# Home Page Question...



## Hammster (Nov 5, 2011)

I started a thread in the Off Topic forum and it's not appearing on the Home Page list of threads. Are the Home Page threads shown in some random order or is there a way for all threads started, or replied to, to show up on the Home Page?


----------



## PrincessFiona60 (Nov 5, 2011)

Hammster said:


> I started a thread in the Off Topic forum and it's not appearing on the Home Page list of threads. Are the Home Page threads shown in some random order or is there a way for all threads started, or replied to, to show up on the Home Page?




I don't see it in the Off Topic Forum, either.  What was the name of the Thread?


----------



## PrincessFiona60 (Nov 5, 2011)

PrincessFiona60 said:


> I don't see it in the Off Topic Forum, either.  What was the name of the Thread?

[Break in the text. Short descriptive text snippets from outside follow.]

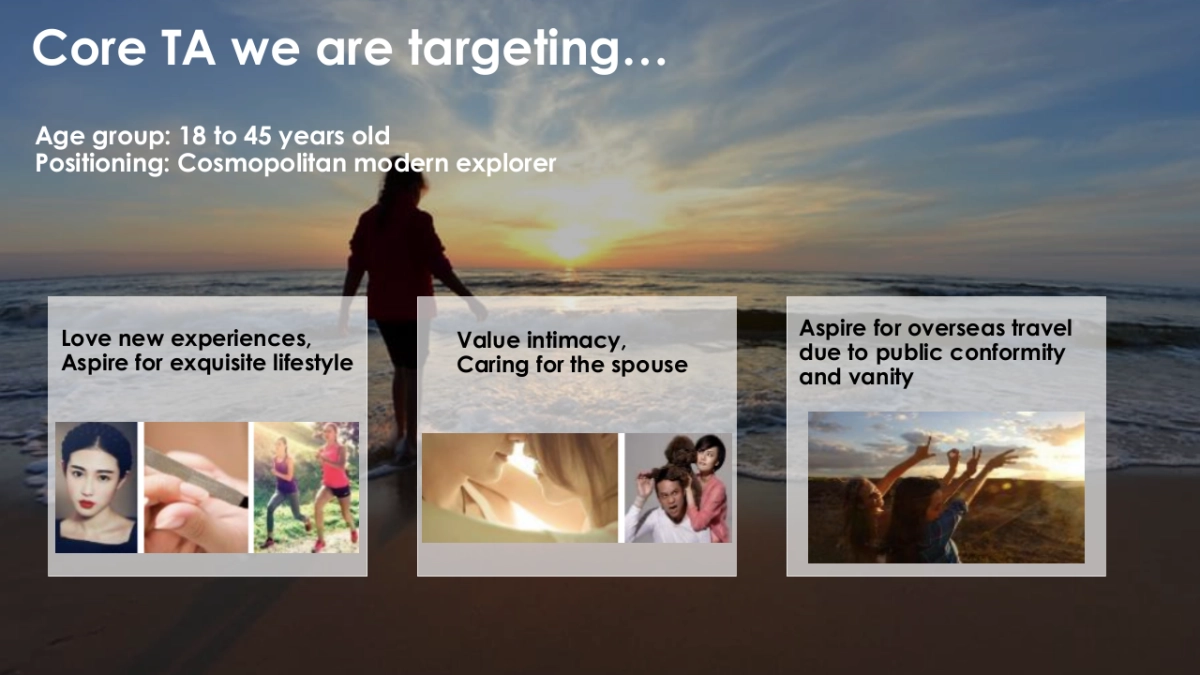 凡士林Vaseline  Winter Campaign Digital_第4页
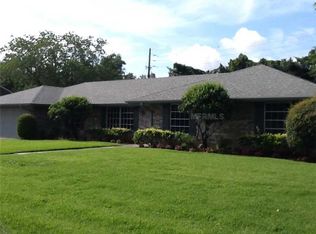 1814 Biscayne Dr, Orlando, FL 32804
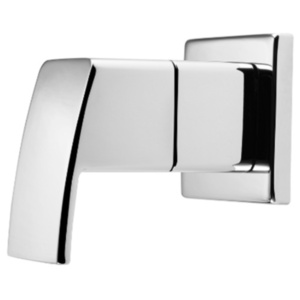 P016DF0C Kenzo Transfer Valve Trim Trim Kit - Polished Chrome P016DF0C Kenzo Transfer Valve Trim Trim Kit - Polished Chrome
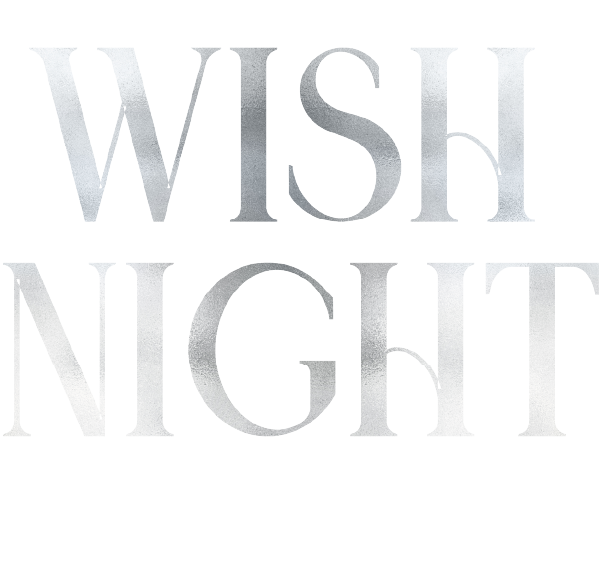 Wish Night West Texas Logo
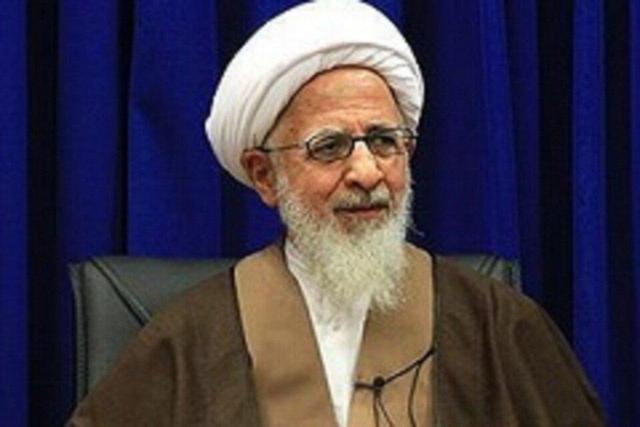  اربعین، جلوه‌ای از تحقق وعده الهی در حفظ دین و معارف اهل بیت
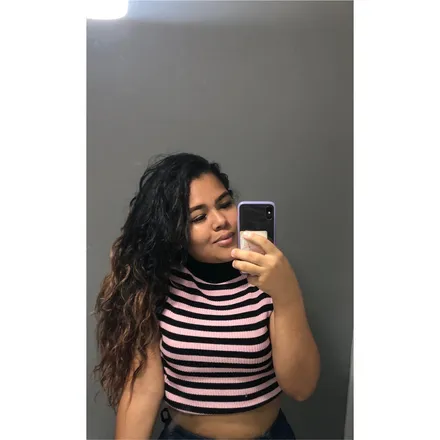 OnlyFans cuenta yailen03 header 2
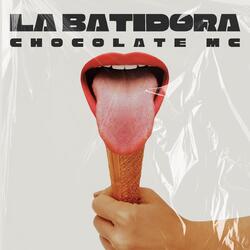 La Batidora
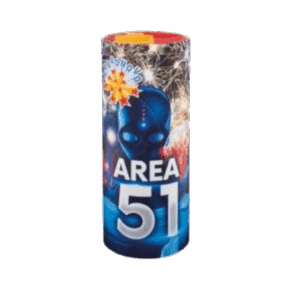 Area 51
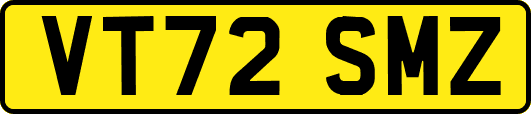 VT72SMZ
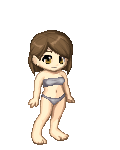 Gummy Kasumi's avatar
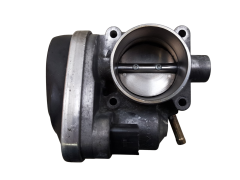 Air Throttle Body Mini 1354 7509043 -02 408.238/623/002 2536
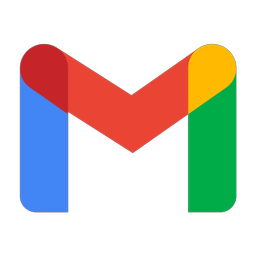 gmail Logo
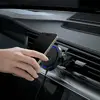 Spigen OneTap Pro 3 CryoMax pasīvs auto tālruņa turētājs Photo 6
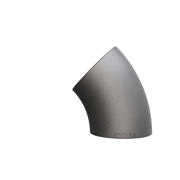 Butt-Weld Fitting, Carbon, EN10253-2, T:A, Butt Weld Elbow, 508, P235GH-TC1, 1.0345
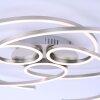 Paul Neuhaus DANILO Deckenleuchte LED, 3-flammig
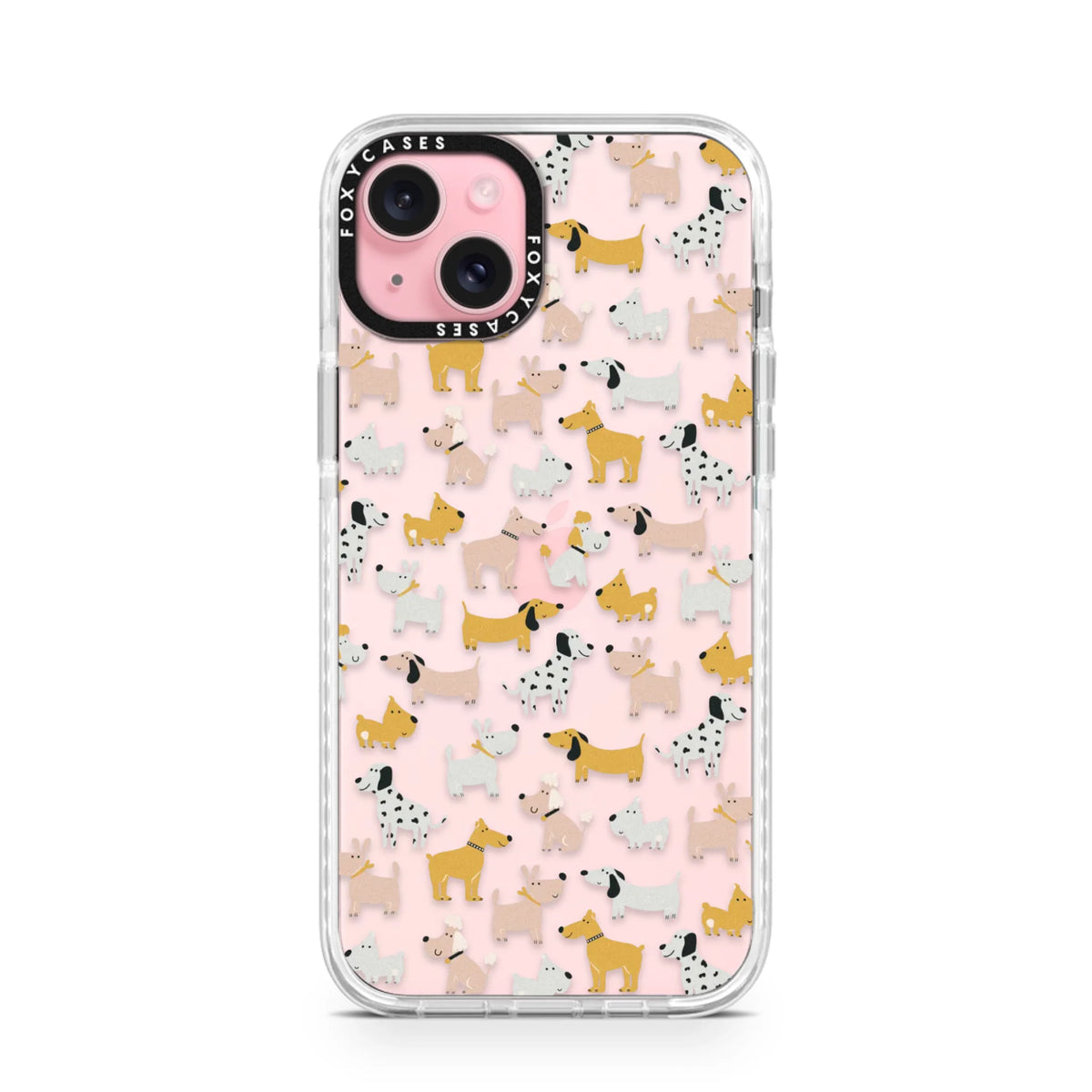 iPhone-15-Plus-Pink
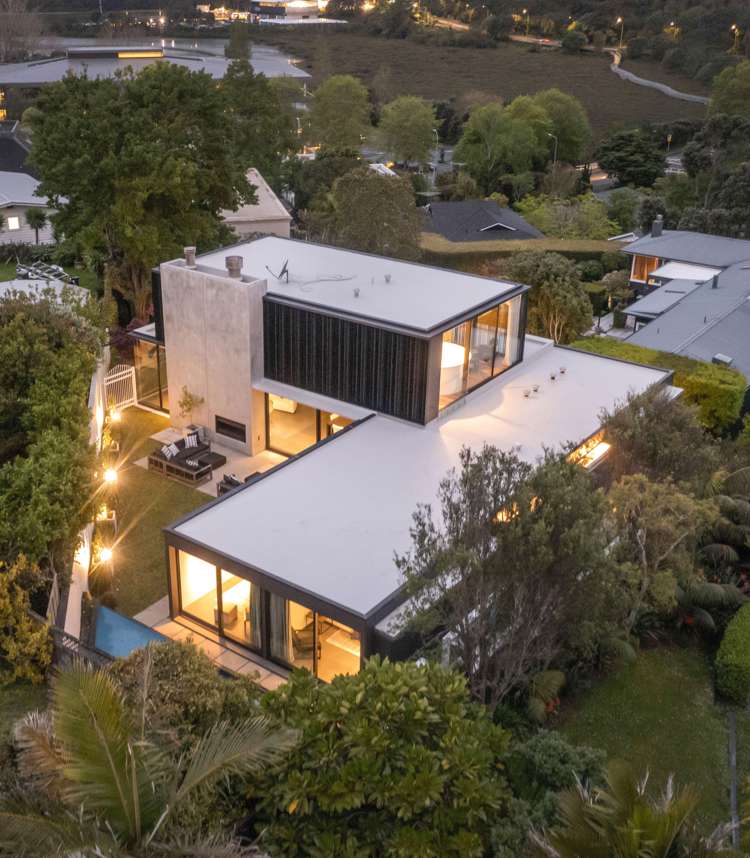 137 Shore Road Remuera_26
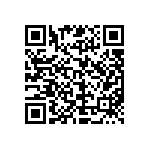 HVR2500003093FR500 QRCode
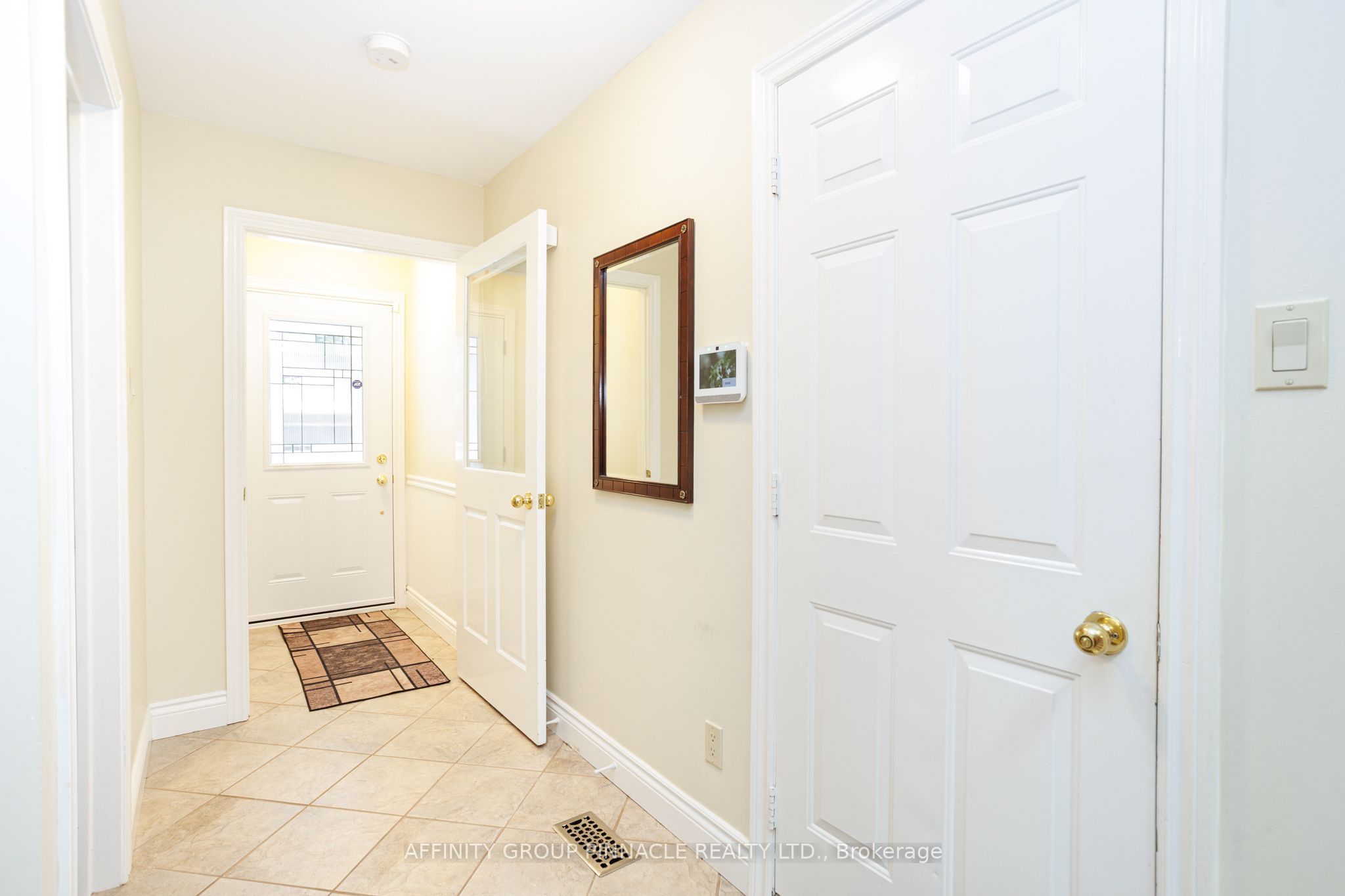 B194 Cedar Beach Road 48 Property Photo 5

Ah, found it.  Posting is heavy and fast this morning, it may have already been moved off the Home page.


----------



## Hammster (Nov 5, 2011)

I had checked the Home Page immediately after posting it and it wasn't there. I suppose the home page could have been really busy, but man, that was fast.


----------



## FrankZ (Nov 5, 2011)

Posts in the off topic forum do not appear on the portal page.


----------



## PrincessFiona60 (Nov 6, 2011)

Well,  that explains that!!

Thanks Frank!


----------



## Hammster (Nov 6, 2011)

Ah, ok. Thanks Frank.


----------